Must History Repeat Itself?
Author : Antony Fisher
Publisher :
Page : 184 pages
File Size : 18,54 MB
Release : 1974
Category : Agriculture and state
ISBN :
Author : Antony Fisher
Publisher :
Page : 184 pages
File Size : 18,54 MB
Release : 1974
Category : Agriculture and state
ISBN :
Author : Niall Ferguson
Publisher : Penguin Books Limited
Page : 0 pages
File Size : 43,89 MB
Release : 2018
Category : Business & Economics
ISBN : 9780141984810
'The most brilliant historian of his generation' The Times Most history is hierarchical- it's about popes, presidents, and prime ministers. But what if that's simply because they create the historical archives? What if we are missing equally powerful but less visible networks - leaving them to the conspiracy theorists, with their dreams of all-powerful Illuminati? The twenty-first century has been hailed as the Networked Age. But in The Square and the Tower Niall Ferguson argues that social networks are nothing new. From the printers and preachers who made the Reformation to the freemasons who led the American Revolution, it was the networkers who disrupted the old order of popes and kings. Far from being novel, our era is the Second Networked Age, with the computer in the role of the printing press. But networks have a dark side, prone to clustering, contagions, and even outages. And the conflicts of the past already have unnerving parallels today, in the time of Facebook, Islamic State and Trumpworld.
Author : Will Durant
Publisher : Simon and Schuster
Page : 117 pages
File Size : 32,85 MB
Release : 2012-08-21
Category : History
ISBN : 1439170193
A concise survey of the culture and civilization of mankind, The Lessons of History is the result of a lifetime of research from Pulitzer Prize–winning historians Will and Ariel Durant. With their accessible compendium of philosophy and social progress, the Durants take us on a journey through history, exploring the possibilities and limitations of humanity over time. Juxtaposing the great lives, ideas, and accomplishments with cycles of war and conquest, the Durants reveal the towering themes of history and give meaning to our own.
Author : Amanda H. Podany
Publisher : Oxford University Press
Page : 423 pages
File Size : 14,6 MB
Release : 2010-07-13
Category : History
ISBN : 0199718296
Amanda Podany here takes readers on a vivid tour through a thousand years of ancient Near Eastern history, from 2300 to 1300 BCE, paying particular attention to the lively interactions that took place between the great kings of the day. Allowing them to speak in their own words, Podany reveals how these leaders and their ambassadors devised a remarkably sophisticated system of diplomacy and trade.
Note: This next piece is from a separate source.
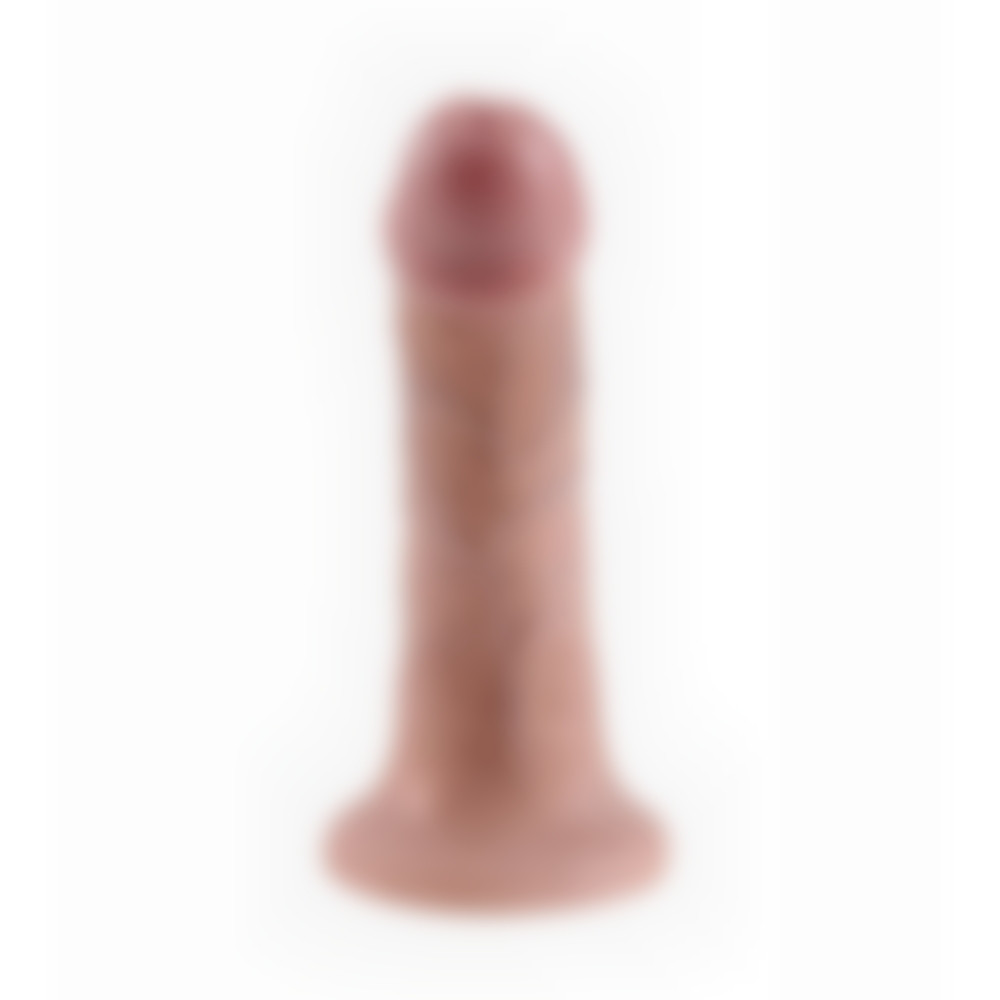 Фалоїмітатор на присоску King Cock 6, 14х4,1 см (PD5501-21)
What the kings forged, as they saw it, was a relationship of friends-brothers-across hundreds of miles. Over centuries they worked out ways for their ambassadors to travel safely to one another's capitals, they created formal rules of interaction and ways to work out disagreements, they agreed to treaties and abided by them, and their efforts had paid off with the exchange of luxury goods that each country wanted from the other. Tied to one another through peace treaties and powerful obligations, they were also often bound together as in-laws, as a result of marrying one another's daughters. These rulers had almost never met one another in person, but they felt a strong connection--a real brotherhood--which gradually made wars between them less common. Indeed, any one of the great powers of the time could have tried to take over the others through warfare, but diplomacy usually prevailed and provided a respite from bloodshed. Instead of fighting, the kings learned from one another, and cooperated in peace. A remarkable account of a pivotal moment in world history--the establishment of international diplomacy thousands of years before the United Nations--Brotherhood of Kings offers a vibrantly written history of the region often known as the "cradle of civilization."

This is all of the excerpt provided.